New research shows Varroa mites, which are the largest threat to dwindling honeybee populations across the globe, are able to invade hives because they smell like the bees themselves.

These parasites were first spotted on Asian honeybees, but have now started infesting European populations, Michigan State University reported.

"The mites from Asian honeybees, or the original host, are more efficient in mimicking both Asian and European honeybees," said Zachary Huang, MSU entomologist and one of the papers' lead authors. "This remarkable adaptability may explain their relatively recent host shift from Asian to European honeybees."

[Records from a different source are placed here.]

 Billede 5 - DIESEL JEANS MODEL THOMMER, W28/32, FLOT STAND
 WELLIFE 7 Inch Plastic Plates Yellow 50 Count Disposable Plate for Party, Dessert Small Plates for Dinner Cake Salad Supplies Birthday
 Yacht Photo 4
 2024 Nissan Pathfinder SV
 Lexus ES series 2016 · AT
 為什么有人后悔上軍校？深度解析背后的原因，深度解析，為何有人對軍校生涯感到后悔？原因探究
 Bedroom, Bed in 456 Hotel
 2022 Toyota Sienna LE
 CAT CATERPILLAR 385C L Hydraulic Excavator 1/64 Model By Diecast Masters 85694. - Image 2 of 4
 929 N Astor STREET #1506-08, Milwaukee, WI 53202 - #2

In order to fool the honeybees, the mites must mimic their scent "spot-on." In bee hives, tens of thousands of bees are divided by sophisticated caste systems, and the invaders must be able to fool the entire colony in order to gain entrance. The mites have the ability to "smell" the bees and mimic the distinctive scents of individual colonies.

"They are essentially getting through the door and reaching the inner sanctum by using bees' own complex communication codes against them," Huang said.

These codes are created with hydrocarbons, and by tweaking the properties of these chemicals the mites are able to give off the appropriate scent, allowing them to enter bee colonies unnoticed. The mites proved to have the ability to completely adaptapt their chemical signatures to a completely different species of honeybee in a matter of days.

"Our study challenged the mites' ability to modify their hydrocarbons," Huang said. "Conversely, bees are adapting to detect these invaders. Our results give a clear illustration of an arms race between the parasites and the host bees based on chemical mimicry and its detection."

The findings were published in a recent edition of the journal Biology Letters.